Thursday, February 11, 2010



To strangers names may seem amorphous,
without meanings bringing them alive,
from people serving as Yocknapatawpha’s
slaves from Faulkner’s probably derive.
There’s Moses, Isaac, Toney, Edmund, Sam,
Old Rose, and Henry, Ellen, Milly, Mollie,
and even, probably, there’s Absalom,
all slaves. It surely wasn’t melancholy
inspiring him to choose slaves to write
about white men. I think it gave him joy
to resurrect dead black men via white,
technique that any racist would annoy.
However hard you try you’ll find the past
cannot be bottled up, and Faulkner popped
the cork on it, by choosing to broadcast
slave names which he made his white men adopt,
thus posthumously liberating men
and women who had flat, not Jewish, noses
thus elevating them with Hebrews when
God brought the Jews from Egypt, helped by Moses.

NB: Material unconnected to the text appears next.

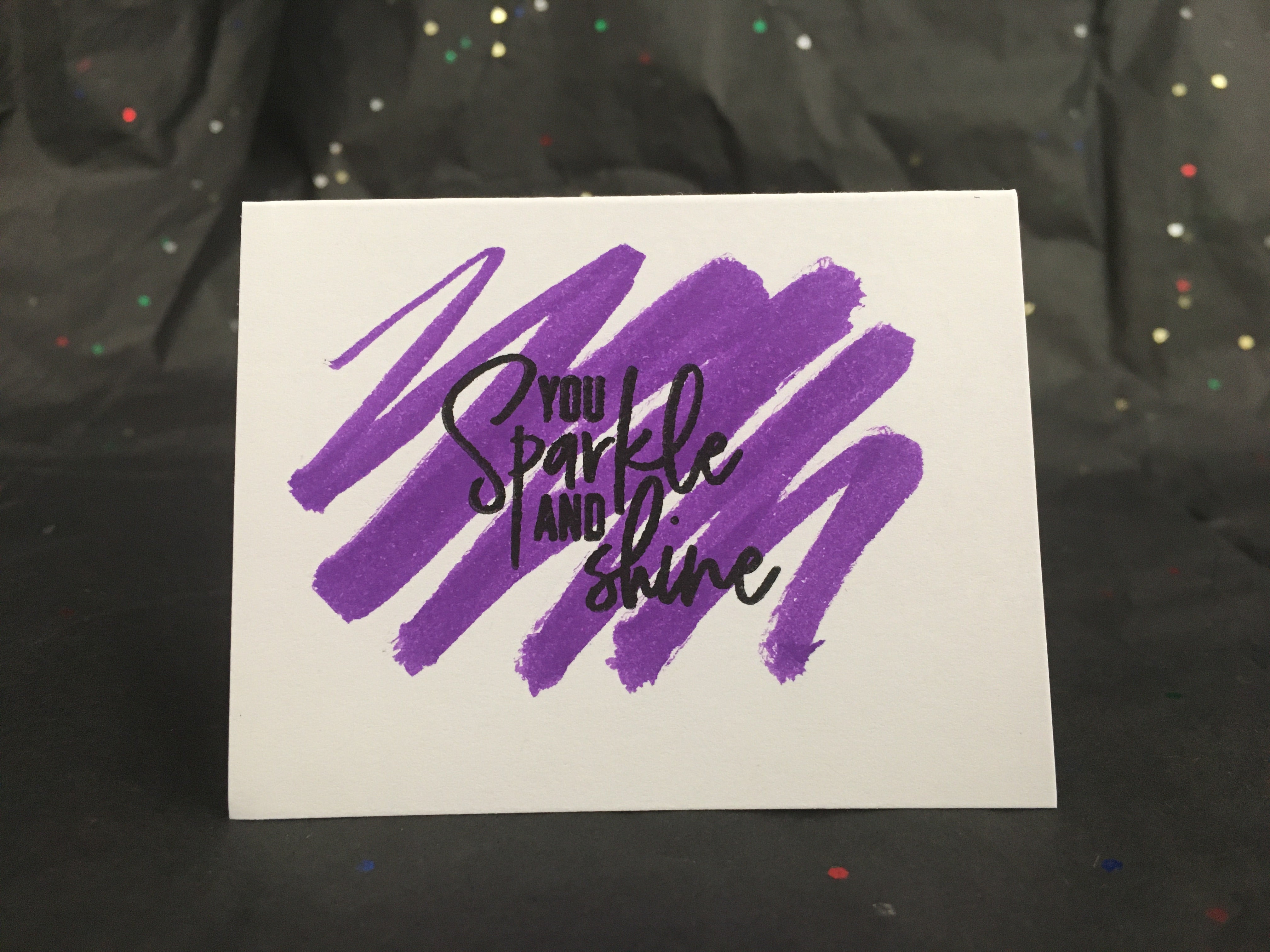 Mini Card Variety Pack in Shimmer - Collection 3 - Handmade Cards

Patricia Cohen writes about the names Faulkner used for the white men in his Yoknapatawpha County sagas (“Faulkner Link to Plantation Diary Discovered, NYT, February 11, 2010):
The climactic moment in William Faulkner’s 1942 novel “Go Down, Moses” comes when Isaac McCaslin finally decides to open his grandfather’s leather farm ledgers with their “scarred and cracked backs” and “yellowed pages scrawled in fading ink” — proof of his family’s slave-owning past. Now, what appears to be the document on which Faulkner modeled that ledger as well as the source for myriad names, incidents and details that populate his fictionalized Yoknapatawpha County has been discovered. The original manuscript, a diary from the mid-1800s, was written by Francis Terry Leak, a wealthy plantation owner in Mississippi whose great-grandson Edgar Wiggin Francisco Jr. was a friend of Faulkner’s since childhood. Mr. Francisco’s son, Edgar Wiggin Francisco III, now 79, recalls the writer’s frequent visits to the family homestead in Holly Springs, Miss., throughout the 1930s, saying Faulkner was fascinated with the diary’s several volumes. Mr. Francisco said he saw them in Faulker’s hands and remembers that he “was always taking copious notes.” Specialists have been stunned and intrigued not only by this peephole into Faulkner’s working process, but also by material that may have inspired this Nobel-prize-winning author, considered by many to be one of the greatest American novelists of the 20th century. “I think it’s one of the most sensational literary discoveries of recent decades,” said John Lowe, an English professor at Louisiana State University who is writing a book on Faulkner. He was one of a handful of experts who met Dr. Francisco at the hand-hewn log house in Holly Springs last month. There they saw the windowpane where a cousin, Ludie Baugh, etched the letters L-U-D-I-E into the glass while watching Confederate soldiers march by — a scene that appears in several Faulkner works. ..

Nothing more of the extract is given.